The question remains: why don't Firefox and IE uncompress the
data before rendering...

--
Regards / Groeten, http://www.leren.nl
René Pijlman http://www.applinet.nl
Re: 100% CPU runaway with filecache in 1.3.0beta6 [ In reply to ]
Rene Pijlman wrote:
> This solves the runaway, but it's not working correctly yet.
>
> When I request a normal article anonymously with the cache
> enabled, my browser shows gibberish (Firefox) or a download
> dialog (IE). I've looked at the headers with wget -S, and
> there's no:
>
> Content-Encoding: gzip

Did you disable the generic gzipping at the top of LocalSettings.php
like I said was necessary in my previous mail?

-- brion vibber (brion @ pobox.com)
Re: 100% CPU runaway with filecache in 1.3.0beta6 [ In reply to ]
Brion Vibber:
>Rene Pijlman:
>> When I request a normal article anonymously with the cache
>> enabled, my browser shows gibberish (Firefox) or a download
>> dialog (IE)
>
>Did you disable the generic gzipping at the top of LocalSettings.php
>like I said was necessary in my previous mail?

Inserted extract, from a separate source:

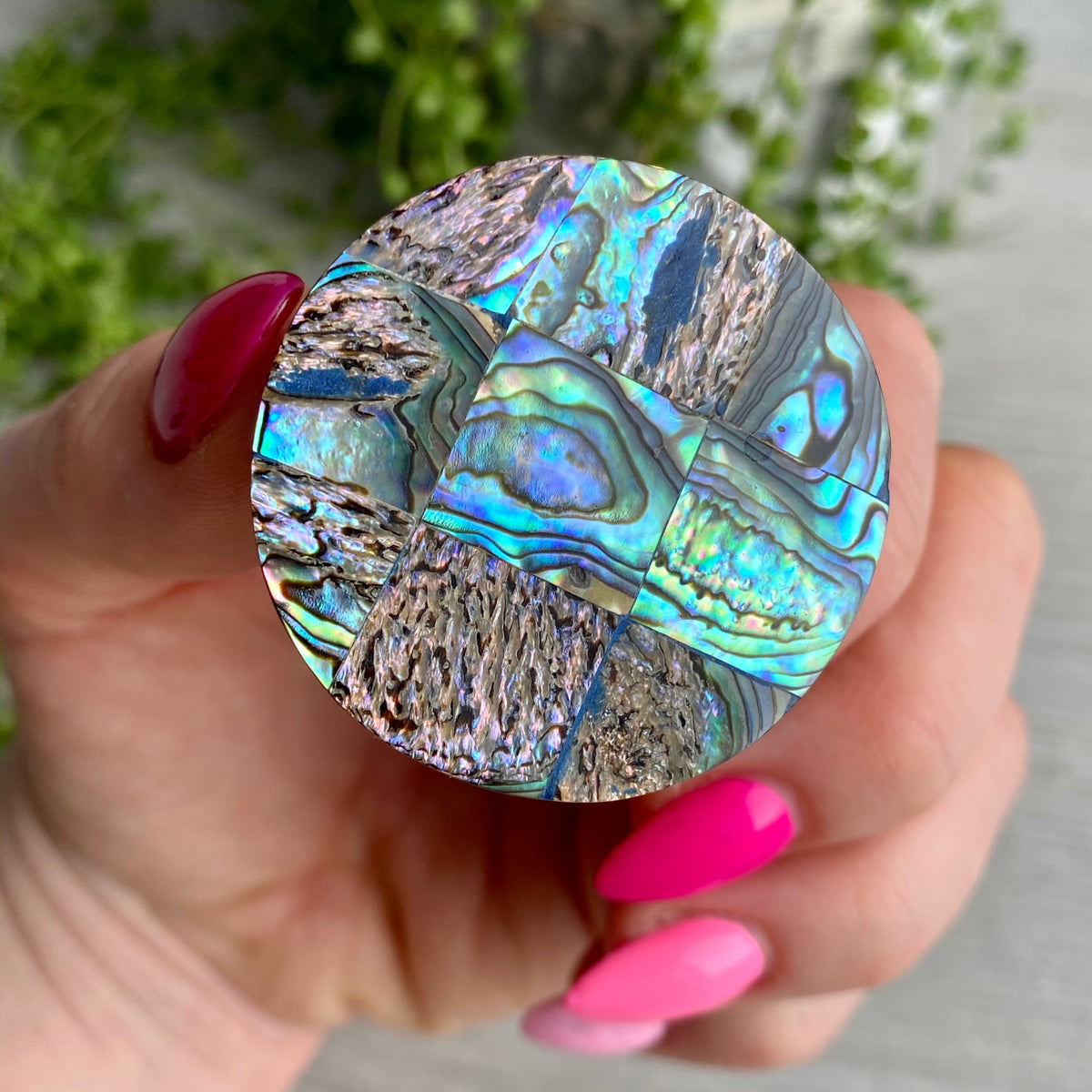 Abalone Shell Phone Pop Socket – Wholehearted Crystal Creations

Oh waitaminute, you're referring to this I guess:

if( !ini_get( 'zlib.output_compression' ) ) ob_start(
'ob_gzhandler' );

I completely overlooked that. Indeed, when I remove this line
and configure file caching like this:

$wgUseFileCache = true;
$wgFileCacheDirectory = "/home/rene/projects/carriere/cache";
$wgShowIPinHeader = false;
$wgUseGzip = true;

... it works fine. Files in the cache are compressed and both
Firefox and IE render pages correctly.

Thanks again for your help Brion.

If I'm not mistaken the cause of the problem was that both
ob_gzhandler and the file cache were compressing the output, so
it was compressed two times, which would explain the problem I
saw.

May I suggest to fix this in the code, to make configuration
easier?

I'd say that when PHP provides the mechanism for output
compression over the wire, there's no reason to duplicate this
mechanism in the file cache. You might as well completely remove
compression from the file cache and cache uncompressed on disk.
At the cost of some extra disk space this will improve
performance of the file cache (no CPU cycles for
(un)compression) and simplify the code. This will neatly
separate caching from compression.

Would it help if I implement and test this and submit a patch?

--
Regards / Groeten, http://www.leren.nl
René Pijlman http://www.applinet.nl
Re: 100% CPU runaway with filecache in 1.3.0beta6 [ In reply to ]
Rene Pijlman wrote:
> I'd say that when PHP provides the mechanism for output
> compression over the wire, there's no reason to duplicate this
> mechanism in the file cache. You might as well completely remove
> compression from the file cache and cache uncompressed on disk.
> At the cost of some extra disk space this will improve
> performance of the file cache (no CPU cycles for
> (un)compression) and simplify the code. This will neatly
> separate caching from compression.

The point of compressing the file cache is of course to save disk space.
Since this is a legitimate thing to do, I don't think there's a need to
remove that option.

-- brion vibber (brion @ pobox.com)
Re: 100% CPU runaway with filecache in 1.3.0beta6 [ In reply to ]
Brion Vibber:
>The point of compressing the file cache is of course to save disk space.
>Since this is a legitimate thing to do, I don't think there's a need to
>remove that option.

Hmm, I assumed this was intended to compress the data that is
sent to the client. Well OK, in that case I suggest to make the
file cache work correctly in all cases, e.g. by sending
uncompressed data to the output buffer when the PHP lib will
take care of compression.

The wfClientAcceptsGzip() branches of the code seem to duplicate
the functionality of ob_gzhandler, and can be removed without
loss of functionality.

An optimization would be to solve it the other way around:
decide per request to not compress with ob_gzhandler when the
file is available in compressed form in the file cache.

--
Regards / Groeten, http://www.leren.nl
René Pijlman http://www.applinet.nl
Re: 100% CPU runaway with filecache in 1.3.0beta6 [ In reply to ]
Rene Pijlman wrote:
> Brion Vibber:
>>The point of compressing the file cache is of course to save disk space.
>>Since this is a legitimate thing to do, I don't think there's a need to
>>remove that option.
>
>
> Hmm, I assumed this was intended to compress the data that is
> sent to the client.

That's just a nifty side effect. :)

> An optimization would be to solve it the other way around:
> decide per request to not compress with ob_gzhandler when the
> file is available in compressed form in the file cache.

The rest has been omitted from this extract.